2004年01月07日

霞バスの減少と新パターン

Date: 2002-12-10 (Tue)

今回のオススメ曲「ピンクレディーの透明人間」

 W.B.S.のニュー・シーズンがスタートした。12月からスタートし、翌年7月の第5戦で一応はシーズンエンドを迎える。その後、クラシックが10月初旬に開催されるが、この名誉ある大会に出場できるのは、限られたメンバーだけである。

  ボクがW.B.S.を好きな理由に(もちろんJBや海外の団体も好きだが……)、国内トップレベルの選手たちが1年間霞ヶ浦だけで釣技するところにある。以前は関東で一、二を争うほど人気フィールドであった同湖は、数年前に比べ釣り客は減少し、関東首位争いからは姿を消した。
 減少した理由には、バスの個体数の激減にあると多くの人が語る。これはシロウトの意見だけでなく、魚類学関係者や職漁師がそう言っているのだから、ホントに減ったのだろう。
 
 では、「なぜバスが減ったのか?」ということである。
 「バスを気嫌う職漁師たちが、網で獲って他の“バス歓迎”のフィールドに売ったから」という意見。「水質悪化」を原因とする意見などが主なところだろう。

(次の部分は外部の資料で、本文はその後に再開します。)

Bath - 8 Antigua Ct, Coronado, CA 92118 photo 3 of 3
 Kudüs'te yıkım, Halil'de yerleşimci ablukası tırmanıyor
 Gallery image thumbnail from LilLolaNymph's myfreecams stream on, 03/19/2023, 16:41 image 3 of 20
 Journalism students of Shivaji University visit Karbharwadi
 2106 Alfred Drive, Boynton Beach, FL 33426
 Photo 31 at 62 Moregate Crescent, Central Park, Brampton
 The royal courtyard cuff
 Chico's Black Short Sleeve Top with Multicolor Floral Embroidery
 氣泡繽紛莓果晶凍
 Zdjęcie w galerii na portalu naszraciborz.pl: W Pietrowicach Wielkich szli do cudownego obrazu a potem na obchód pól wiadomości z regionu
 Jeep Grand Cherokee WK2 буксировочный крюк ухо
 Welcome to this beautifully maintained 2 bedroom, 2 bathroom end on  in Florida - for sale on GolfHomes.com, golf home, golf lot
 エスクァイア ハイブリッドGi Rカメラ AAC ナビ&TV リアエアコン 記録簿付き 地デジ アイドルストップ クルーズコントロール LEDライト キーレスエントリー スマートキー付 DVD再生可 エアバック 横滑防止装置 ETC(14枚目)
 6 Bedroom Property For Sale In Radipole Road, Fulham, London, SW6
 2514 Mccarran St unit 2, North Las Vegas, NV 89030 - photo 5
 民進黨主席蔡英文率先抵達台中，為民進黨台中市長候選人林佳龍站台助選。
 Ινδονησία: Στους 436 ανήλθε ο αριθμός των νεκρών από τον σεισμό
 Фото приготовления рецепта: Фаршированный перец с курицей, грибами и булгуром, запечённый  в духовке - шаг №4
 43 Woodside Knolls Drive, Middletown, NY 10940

 ボク個人の意見としては、職漁師に罪はないと思っている。現在のカスミの漁師さんで100%漁だけで生活できている人はいない。つまり、漁だけで生活するほど漁獲高がないのと、淡水の魚を食べる絶対人口が減少したからだろう。しかし、漁をすることが生計を立てる一部である彼らにとって、バスを獲ることは、なんら他の漁と変わりない。むしろ、バスの方が高値で売れるというウワサを聞いたこともある。
 
 “バス歓迎フィールド”がカスミからバスを買い取りはじめたのは10年くらい前から。多く見積もっても15年くらいだ。カスミで異常なまでに釣れたのが、7〜10年ほど前である。これらを集約すると、カスミの職漁師が加速してバスを獲りだしたのはその7年ほど前からだろう。そして、2年ほど前からバスの個体数が激減したことを考慮すると、ナント5年間でバスを獲りつくした計算になる。
 乱獲というのは、このことか!? “乱獲”の部分では、彼らにも罪がある。
 
 水質悪化も見逃せない原因の1つ。カスミは昔は汽水湖だったということもあり、湖底にはそのころの土石がつもっている。それを最近では過剰なまでの浚渫で掘り返すし、水中塩分濃度が上昇しているという。淡水魚は塩分に敏感なので、バスのベイトフィッシュである小さな魚が最初に弱る。浚渫でドロも巻き上げるし、冬になっても濁ったままだし、泳げるカスミは来るのだろうか?
 でも、カスミや北浦でタナゴ釣りをする人によると、「水質は一時期よりよくなって、タナゴも随分と増えた」と言う。
 どちらにせよ、目で見た感じ、まだまだ水質悪化は修繕されていない。
 
 だからと言って、過去の栄光というか、「昔のカスミは釣れた」という事実にぶら下がっていては、現在のカスミで開催される大会で上位入賞は難しいだろう。今のカスミを想定したパターン、過去のパターンに囚われないストラテジーを掴み出すことが先決だ。
 昔はシーズナル・パターンが存在した。「春、バスはこのレンジにいて、このベイトをよく捕食している。だからパドルなんだ」とか、「晩秋、バスの活性は序じょに下がりはじめ、リアクションでバイトしはじめる。だからサスペンド系ミノーがいいんだ」とか。現状は、季節に沿った動きをバスがしていない……らしい。では、どんな動きをしているのだろうか?それを捜し出すのが、これからの課題である。
 
 銀行が倒産する昨今、当たり前が当たり前でなくなってもおかしくない。林俊雄さんは、「パターンがないのが、パターン」と言ったが、まさに名言である。要するに、鵜呑みにできないということである。
 
 だから、大会が終了し、優勝選手がインタビューに応え、その日のパターンを述べるが、今までは「そうか、じゃぁ、オレもその釣りをしてみよう」と。それでよかったと思う。
 でも、これからは、それを聞いた個人がそのコメントをどのように解釈していくかが、一番の問題だと思う。解釈の度合いは個人によって異なる。1つのコメントから100通りの解釈、回答が導き出される。それを次ぎの大会にぶつけてくる。だから、トーナメント・フィッシングを見るのは楽しい。